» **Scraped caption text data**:
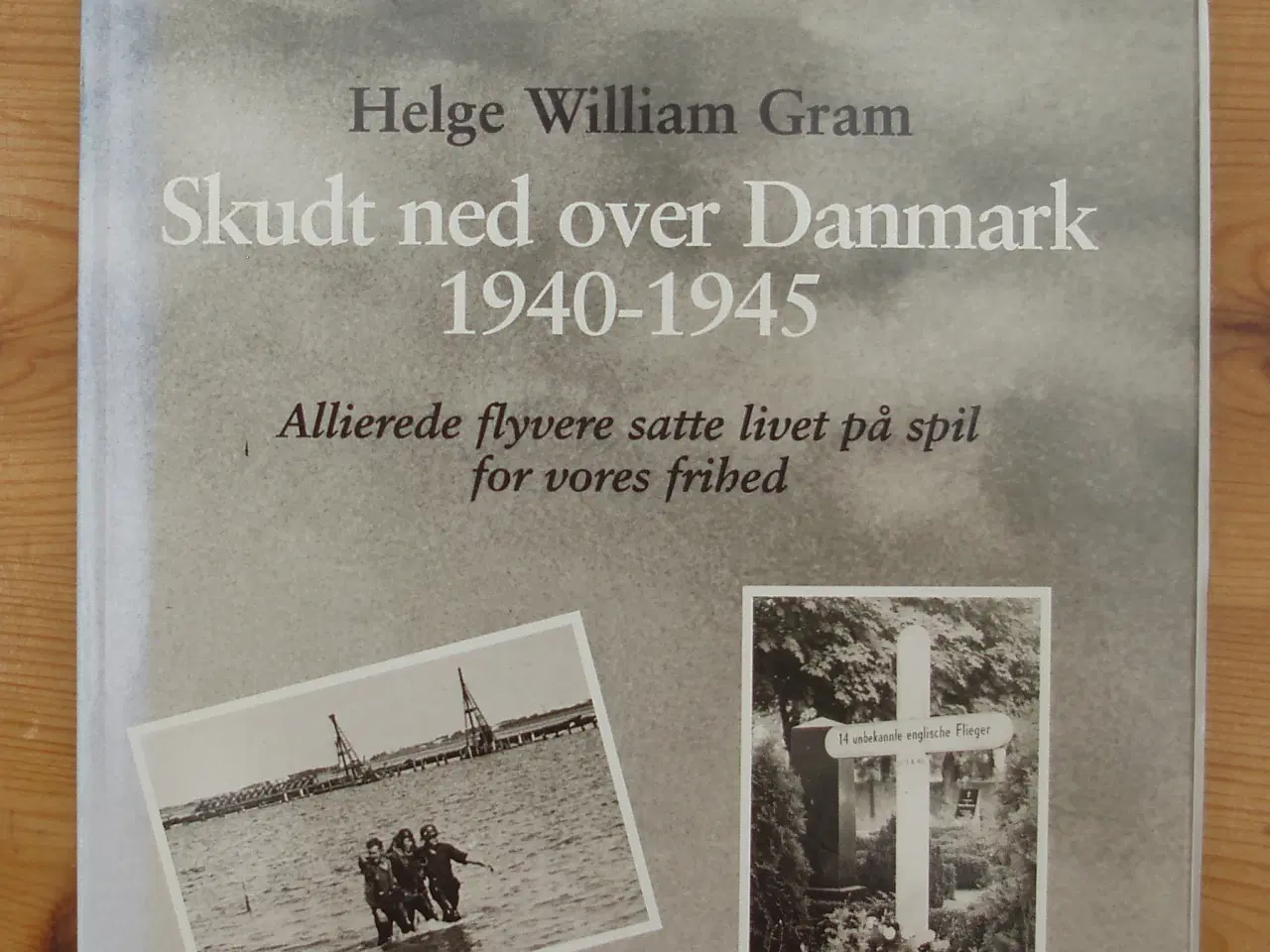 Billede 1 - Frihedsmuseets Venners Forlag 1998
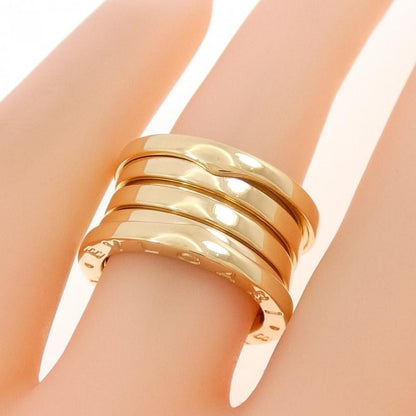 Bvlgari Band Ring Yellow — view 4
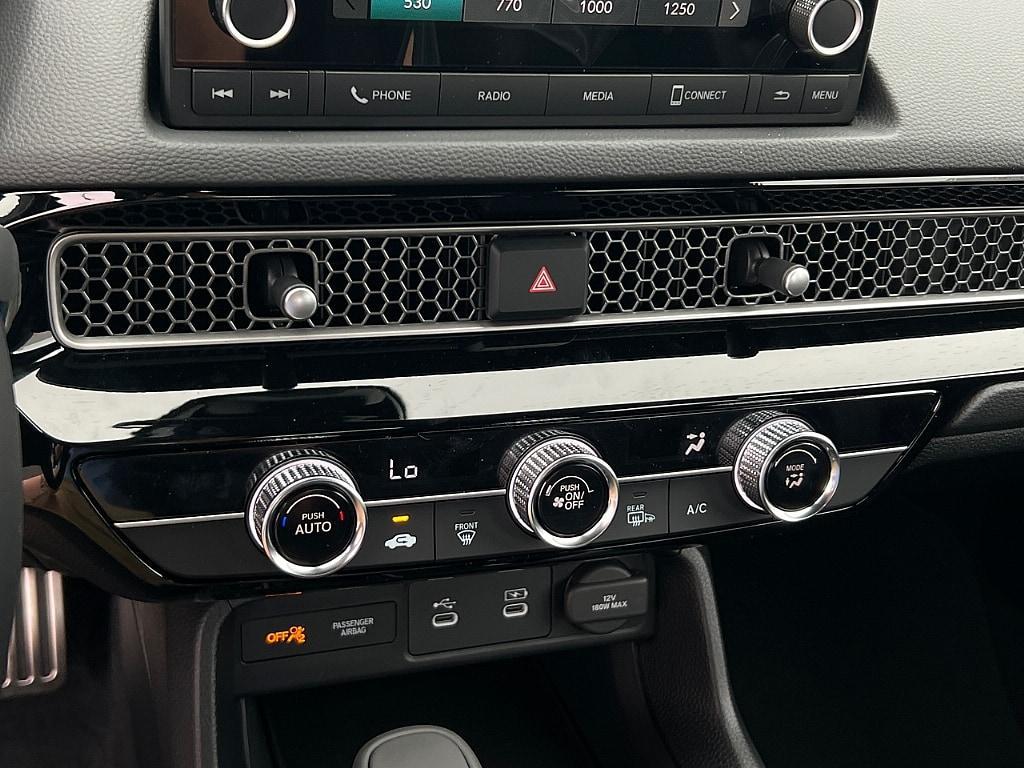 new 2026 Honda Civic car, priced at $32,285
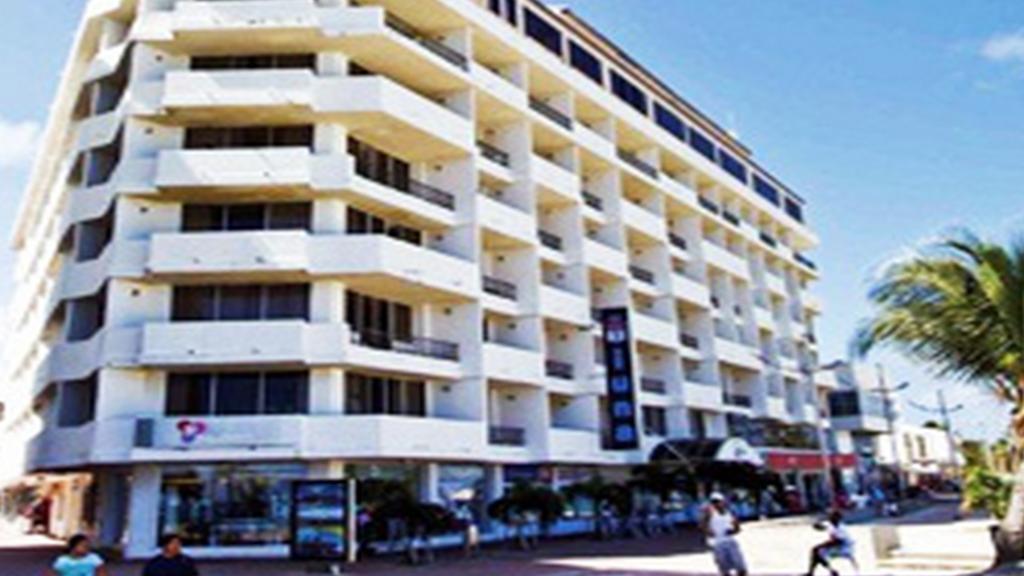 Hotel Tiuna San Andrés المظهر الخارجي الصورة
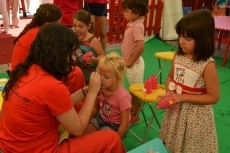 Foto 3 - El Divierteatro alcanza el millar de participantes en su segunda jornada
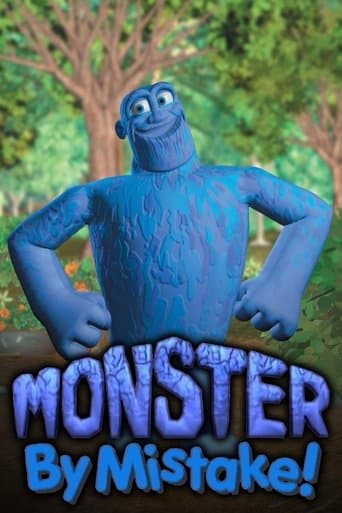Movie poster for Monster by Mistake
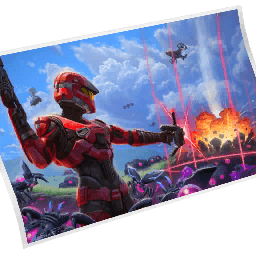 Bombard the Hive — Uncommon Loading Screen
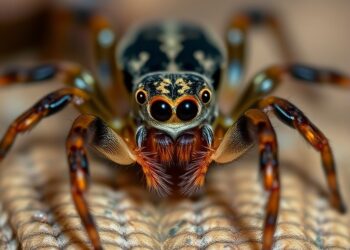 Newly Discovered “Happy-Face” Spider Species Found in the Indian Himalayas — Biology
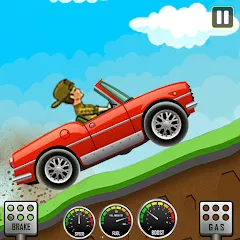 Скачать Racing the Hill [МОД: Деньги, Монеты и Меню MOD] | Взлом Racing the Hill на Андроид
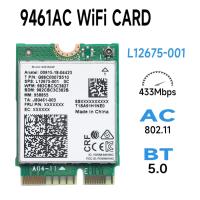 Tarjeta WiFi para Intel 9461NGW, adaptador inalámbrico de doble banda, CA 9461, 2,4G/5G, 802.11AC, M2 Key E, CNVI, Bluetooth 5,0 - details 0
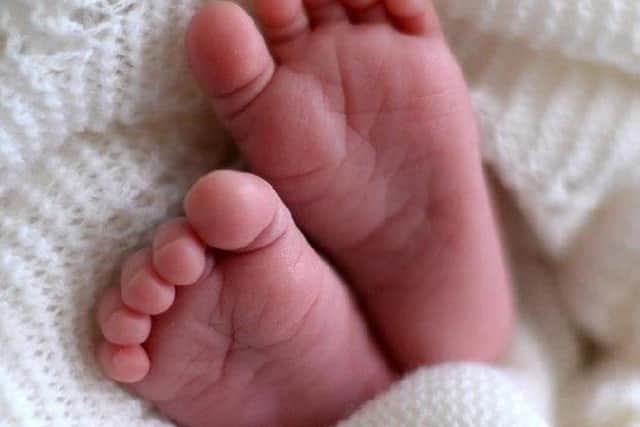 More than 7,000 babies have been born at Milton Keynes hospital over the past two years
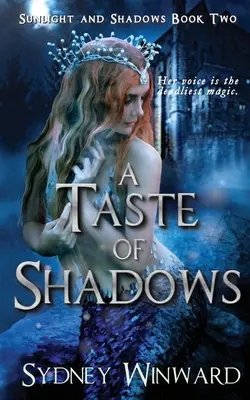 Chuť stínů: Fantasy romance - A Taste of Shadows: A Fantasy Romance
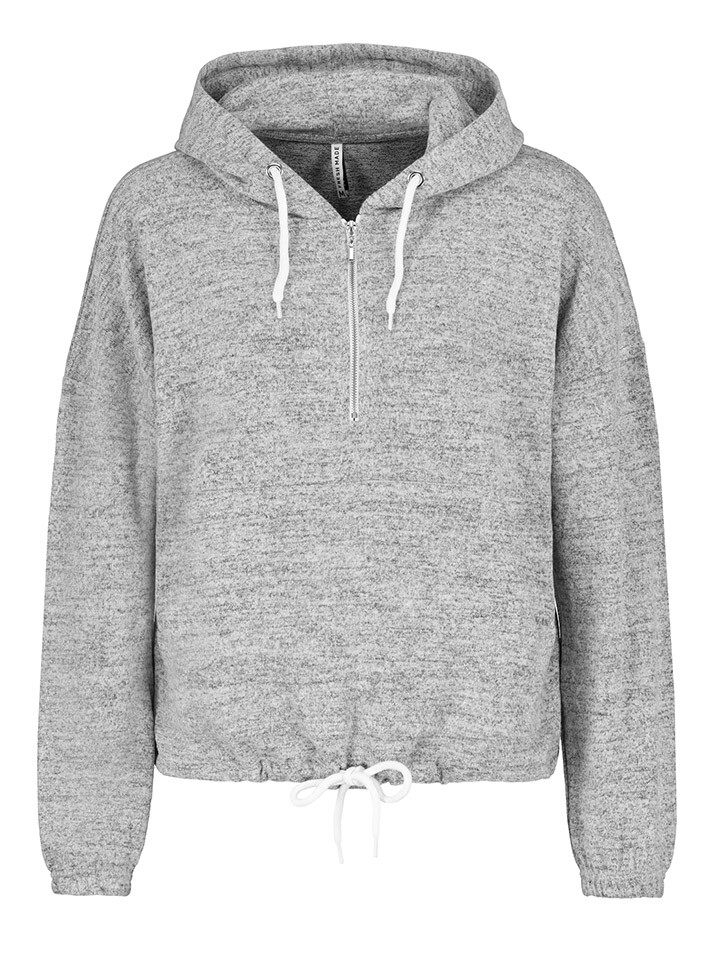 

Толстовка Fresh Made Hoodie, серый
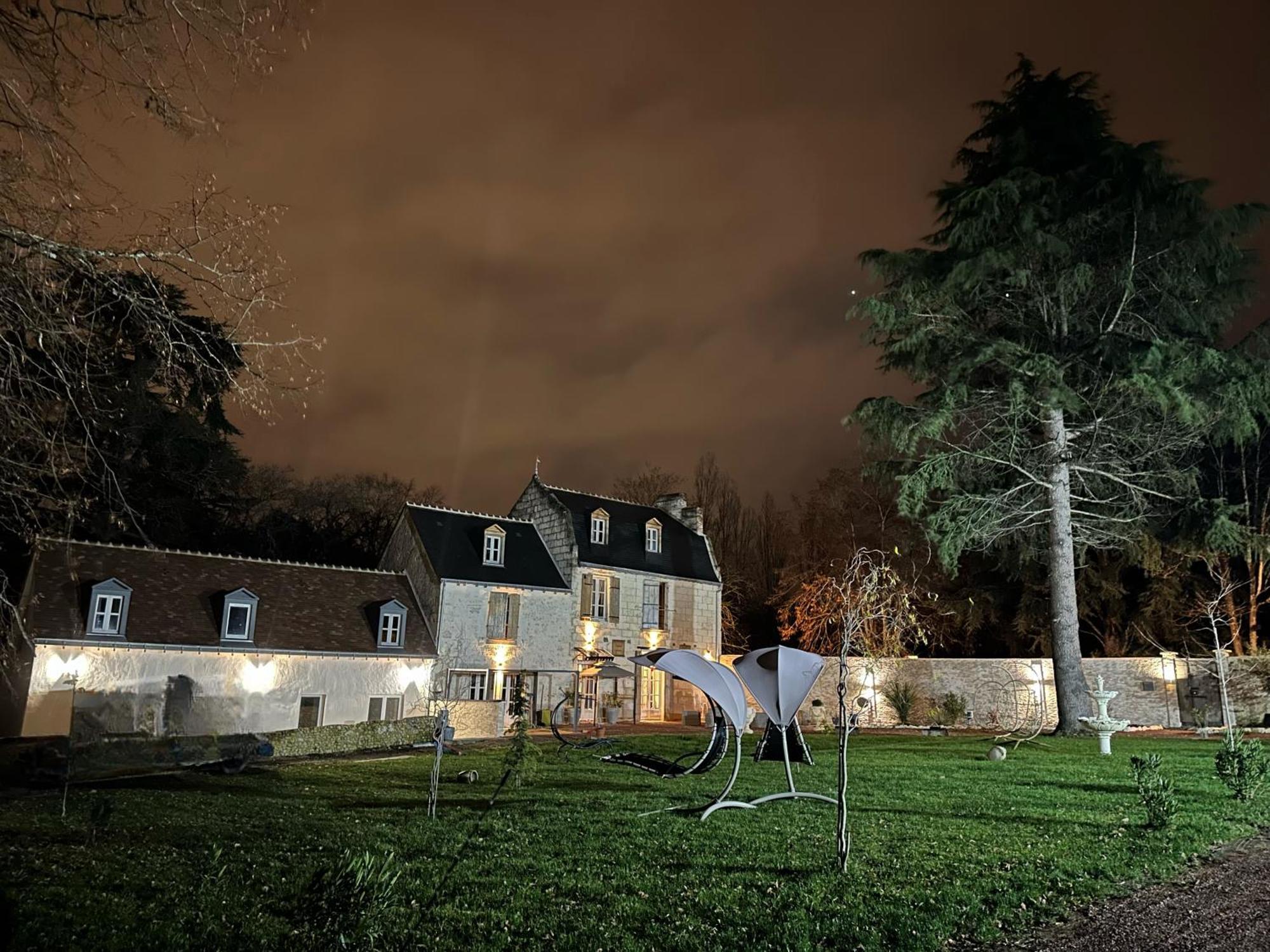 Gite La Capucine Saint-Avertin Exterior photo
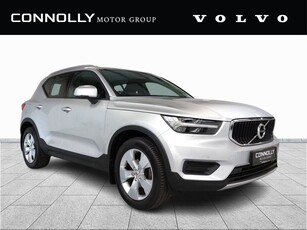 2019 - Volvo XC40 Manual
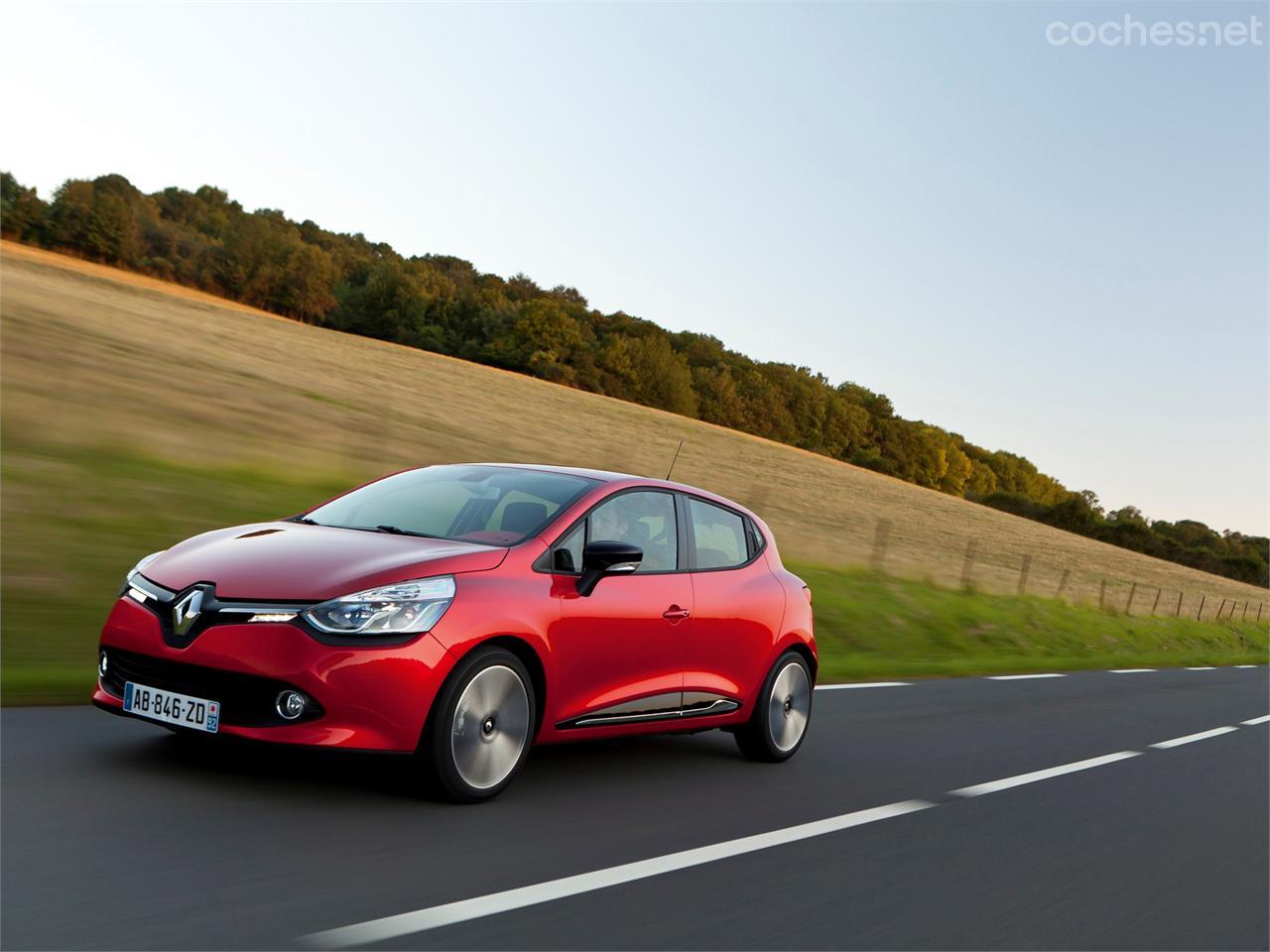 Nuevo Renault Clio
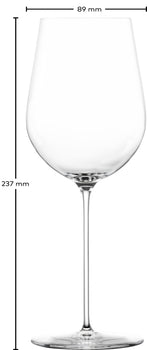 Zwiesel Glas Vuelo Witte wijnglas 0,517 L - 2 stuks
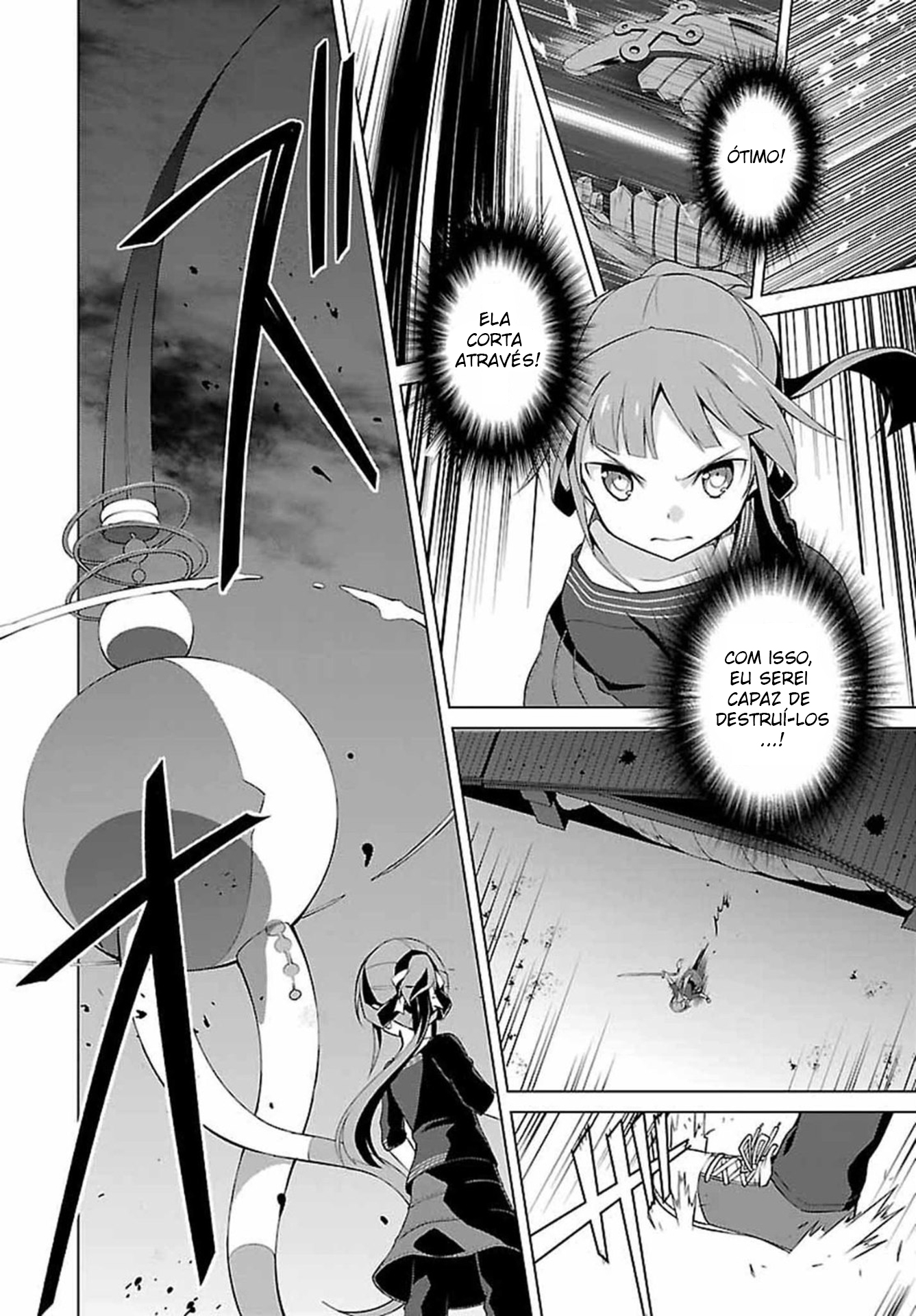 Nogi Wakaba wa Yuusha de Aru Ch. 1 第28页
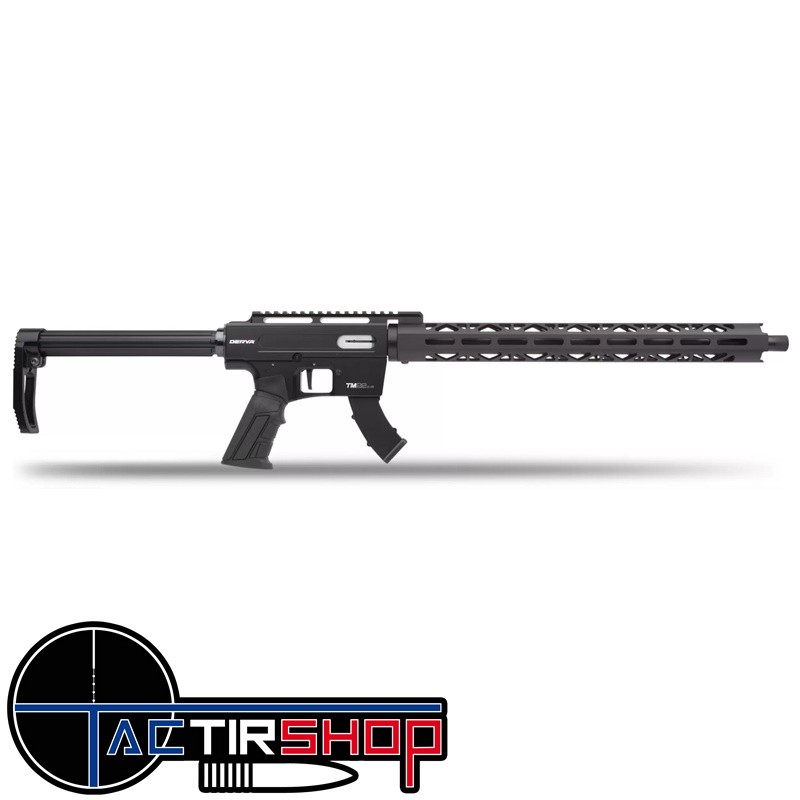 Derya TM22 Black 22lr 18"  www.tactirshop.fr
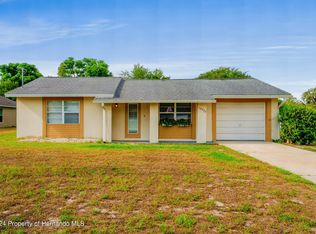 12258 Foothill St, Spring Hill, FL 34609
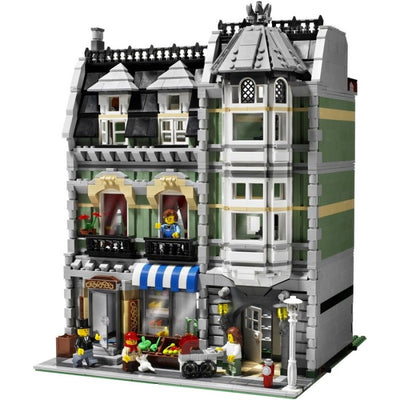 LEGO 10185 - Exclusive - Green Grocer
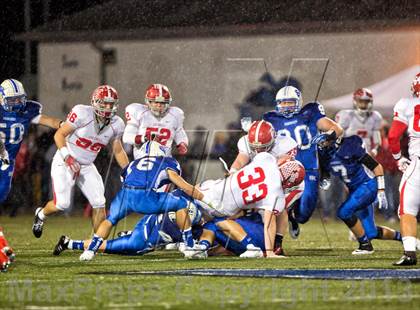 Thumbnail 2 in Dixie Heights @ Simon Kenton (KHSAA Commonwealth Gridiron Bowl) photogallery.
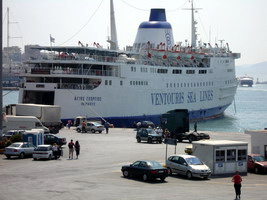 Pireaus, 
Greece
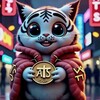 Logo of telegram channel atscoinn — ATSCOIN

» **WORK TO COMPLETE**: Each record should be given again exactly, with no picture carried over.

» **YOUR RESPONSE**:
 Billede 1 - Frihedsmuseets Venners Forlag 1998
 Bvlgari Band Ring Yellow — view 4
 new 2026 Honda Civic car, priced at $32,285
 Hotel Tiuna San Andrés المظهر الخارجي الصورة
 Foto 3 - El Divierteatro alcanza el millar de participantes en su segunda jornada
Movie poster for Monster by Mistake
 Bombard the Hive — Uncommon Loading Screen
 Newly Discovered “Happy-Face” Spider Species Found in the Indian Himalayas — Biology
 Скачать Racing the Hill [МОД: Деньги, Монеты и Меню MOD] | Взлом Racing the Hill на Андроид
 Tarjeta WiFi para Intel 9461NGW, adaptador inalámbrico de doble banda, CA 9461, 2,4G/5G, 802.11AC, M2 Key E, CNVI, Bluetooth 5,0 - details 0
 More than 7,000 babies have been born at Milton Keynes hospital over the past two years
 Chuť stínů: Fantasy romance - A Taste of Shadows: A Fantasy Romance

Толстовка Fresh Made Hoodie, серый
 Gite La Capucine Saint-Avertin Exterior photo
 2019 - Volvo XC40 Manual
 Nuevo Renault Clio
 Zwiesel Glas Vuelo Witte wijnglas 0,517 L - 2 stuks
 Nogi Wakaba wa Yuusha de Aru Ch. 1 第28页
 Derya TM22 Black 22lr 18"  www.tactirshop.fr
 12258 Foothill St, Spring Hill, FL 34609
 LEGO 10185 - Exclusive - Green Grocer
 Thumbnail 2 in Dixie Heights @ Simon Kenton (KHSAA Commonwealth Gridiron Bowl) photogallery.
 Pireaus, 
Greece
 Logo of telegram channel atscoinn — ATSCOIN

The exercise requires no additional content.